I find it interesting, though, that we're always one tweet or announcement away from
these multi-thousand dollar swings and that fear, but we forget the incredible tailwinds
and that we should be one tweet away from the United States just bought some Bitcoin to add to the strategic Bitcoin reserve and what that would do to price.
So, you know, it seems like we're basing things on fear-driven tweets right now and forgetting
about the insane tailwinds that the industry has at every level, specifically with the United
States government. Go ahead, BZ. Yeah, so just to add to that as well, and again, amazing points made by Dave,
is I think the kind of big distraction here that people aren't necessarily paying
attention to is when these economic conditions settle, you know, especially in
crypto, you're so used to the average participant is so used to getting beaten
up in these conditions that, and as markets typically work, it drives you down,
drives you down, drives you down to the point that you're just frustrated, you want to give up and then you miss the rip, right? Now
we've all been there at different stages of our career or different stages of our
participation in this, but I think what we're looking at at the moment in terms of the big
picture is the fact that the US needs to refinance a lot of their debt, right? I'm not going to go
too much into that because I know we've covered it on this awesome show
a few times before, but to do that,
the central bank typically get a print
when that kind of comes in, it's a form
and we've had this kind of conversation
whether it is quantitative easing
or whether it's a form of it.
Either way, when the money printers come on
and they look to refinance that debt
and they start buying back the debt, the bonds, et cetera,
when the market's at that sweet spot,
and I'm really watching the US 10-year yield at the moment,
when that kind of gets back down in that region
below the kind of 4%, and it makes sense for them to do that,
we need to realize that in such a narrative news
and fundamentally driven market,
when Trump decides to turn that screw, right,
and then he decides, okay, now we want everything back on,
maybe the pressure is working and it's exerting it.

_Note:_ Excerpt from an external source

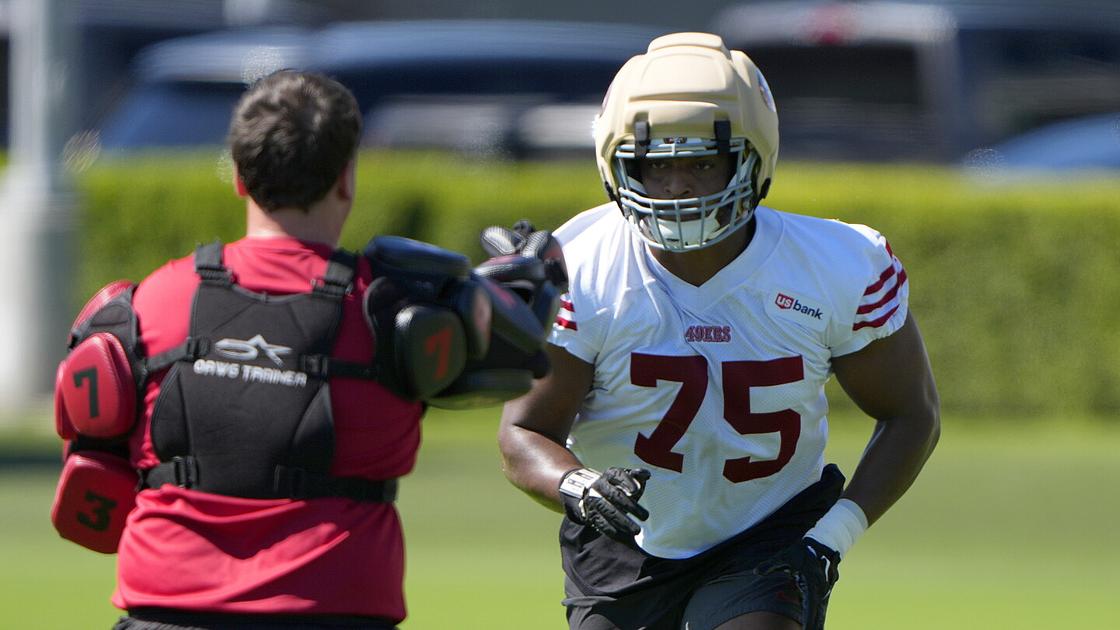 49ers report James Thompson's limited return as Bosa, Kittle stay restricted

We had a relatively dovish tone from Waller, you know, the speaker from the Fed last night who's kind of
saying a lot of people thought that might be a little bit more hawkish and it wasn't. We've got
Powell speaking tomorrow. At the point that those rates either look to get cut right or there's real
kind of confirmation that okay, money prints are coming on here, you know, the fiscal stimulus is
coming in or, you know, another great point from Dave, you're looking at liquidity indicators and that as well,
looking at that there's a lot sideline
ready to deploy in there.
I think it kind of certainly changes my mindset
if I'm looking at a longer term view,
I'm very much aligned with Fonis obviously,
as well as what Chris is saying and Dave's agreeing to
as well looking at this structure.
But the reason sometimes it can make sense to take a nibble in and around these key levels is
because, you know, as for me, I'm trying to enter this as kind of a day trade or a short term swing,
very, very aggressive in cutting it if it doesn't get there, but also looking to kind of see if you
can feel out a way into that early wave, that early resurgence.
Now, it's not necessarily the smartest way to trade.

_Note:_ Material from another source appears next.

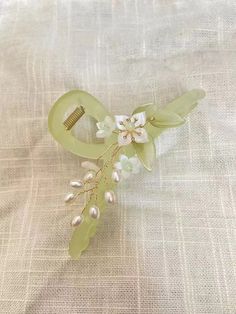 Unique Claw Clips, Green Claw Clip, Cute Claw Clips, Flower Claw Clip, Kawaii Hair Clips, Simple Dress Casual, Claw Clip Hair, Hair Acessories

You need to do it typically in my experience, in very low timeframes, look to build those positions and you can lose obviously quite
hard as well. But I think when we see those catalysts start to really materialise in the
market and we see that liquidity start to really come in, we see that volatility inject
and Trump pulls it onside and the debt is being refinanced in the States, I just wonder
how many people that that's going to leave behind that move. I think it's going to really, well, to use a real crypto term,
but it has the real potential to melt some faces.
Carlo.
Yeah, look, they're pretty much telegraph in the playbook from the White House.
It's funny that we have these conversations about,
is this a good time or not a good time to buy Bitcoin?
You've reported this.
We have the executive director of Trump's Council on Digital Assets, Bo Heinz, telling an interviewer
that the United States wants to accumulate as much Bitcoin as possible. They want to
reexamine different arbitrages for doing that, including repricing our Fort Knox gold reserves,
which are really underpriced in relation to the current market price of gold,
and then just dropped a potential play on tariffs and using tariffs as a means to accumulate
more Bitcoin.
So I don't know how they can be more transparent about what the plan is here.
And yes, we're definitely seeing sideways price action. I think that's largely
the consumer not catching up to these very loud glaring signals from institutions, from
the major financial talking heads. And they're kind of behind the curve here. I'm curious,
have you given any thoughts, Scott, to how in the world they would leverage tariffs to
buy more Bitcoin?
That was a really interesting comment and kind of left field.
I would love to go to the panel on that.
My assumption is that if we end up down the road with a bit of a surplus, which is laughable
for the United States government, or a certain small percentage they could allocate, then
it would make sense.
But to be quite frank, rationally,
tariff income is a drop in the bucket
for our national debt,
and you would anticipate them wanting to pay down the debt
before buying Bitcoin,
hence the budget neutral strategy.
So I don't know.
I think it's very exciting to hear him say that
as a Bitcoiner, but I think all of us,
if you're truly a Bitcoiner, you
want the debt paid down first.
You certainly wouldn't want the United States to print more money to buy Bitcoin.
The irony.
Very thick.
Noah, you're giving the thumbs up there.
I mean, what do you think of this?
I agree with you.
I'm just emoting because I agree with what you said and I agree with
what Dave said. I don't see why the US would be using tariff revenue to buy Bitcoin when
we have a huge, huge deficit that needs to be paid back.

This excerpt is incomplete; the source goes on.